Our construction of the statutory language comports with the clearly expressed legislative intent to prevent criminals and other unfit elements from acquiring firearms. In setting its course, the Legislature was undoubtedly aware of the strongly expressed views of many law enforcement officials who have long favored state and federal regulation of the sale and possession of firearms. Burton v. Sills, 53 N.J. 86, 93 (1968), appeal dismissed, 394 U.S. 812, 89 S.Ct. 1486, 22 L.Ed.2d 748 (1969). Wholly apart from the dangers which arise when firearms are in the hands of criminals, there is the potential for disaster when such weapons are acquired by the immature or the unfit or the addicted. To either grant or deny a permit on less than complete information would hardly serve the legislative purpose.
Finally, the result we reach is consonant with the public policy underlying the statutory scheme. Undoubtedly, the statutory deadline was prompted by a desire to avoid dilatory consideration of the application. But the consequences of automatic approval of a permit at the expiration of the thirty day period would be visited on the public for whose protection the statute was enacted. And the consequences of automatic denial of a permit at the expiration of the thirty day period would be visited on the deserving applicant for whose benefit the statutory scheme was enacted. Cf. Manalapan Holding Co., Inc. v. Hamilton Township Planning Bd., 92 N.J. 466, 480-82 (1983); Allstate Ins. Co. v. Fortunato, 248 N.J. Super. 153, 161-63 (App. Div. 1991). The simple and overriding fact is that the Legislature considered a fingerprint investigation to be critical in determining the fitness of an applicant for a permit. The remedy urged by plaintiff – automatic approval or denial of a permit – would serve only to frustrate the legislative design and the public policy underlying the statute without any compensatory benefit to either the public or the individual applicant. See In re Purcell, 137 N.J. Super. 369 (App. Div. 1975); cf. In re Return of Weapons of J.W.D., 290 N.J. Super. 451 (App. Div. 1996), aff’d in part, rev’d in part, 149 N.J. 108 (1997).

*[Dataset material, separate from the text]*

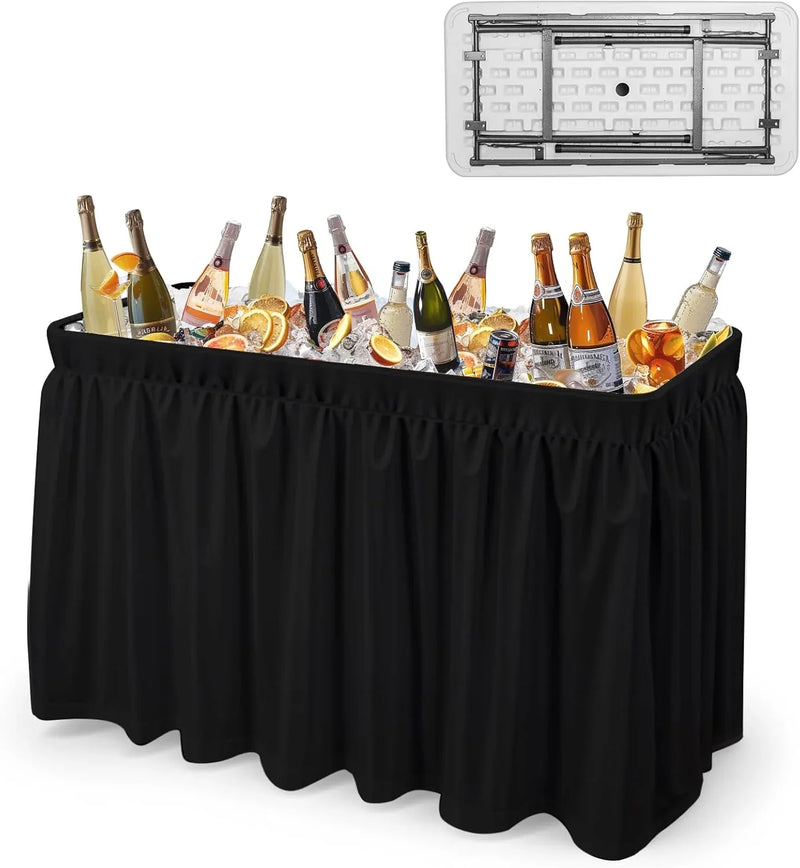 4 feet black ice crystal table, portable rear panel camping fishing cleaning table, plastic material with matching skirt, suitable for parties, barbecues, camping and picnics as an ice chest B1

We do not question the legitimacy of recreational shooting sports or the collection of firearms, as regulated by statute. As we pointed out earlier, the statute reaffirms that “[n]o person of good character and good repute . . . and who is not subject to any of the [statutory] disabilities . . . shall be denied . . . a firearms purchaser identification card.” N.J.S.A. 2C:58-3c. To emphasize that purpose and to guard against its arbitrary subversion, further provision was made for easy and expeditious appeal to the courts. N.J.S.A. 2C:58-3d; see also Weston v. State, 60 N.J. 36, 43 (1972). But whatever one’s views on the worth of firearms, their capacity to wreak havoc when in the hands of the unfit is a matter of public record. The Legislature has wisely provided for suitable inquiry into qualifications and fitness. We do no more than carry out that legislative mandate.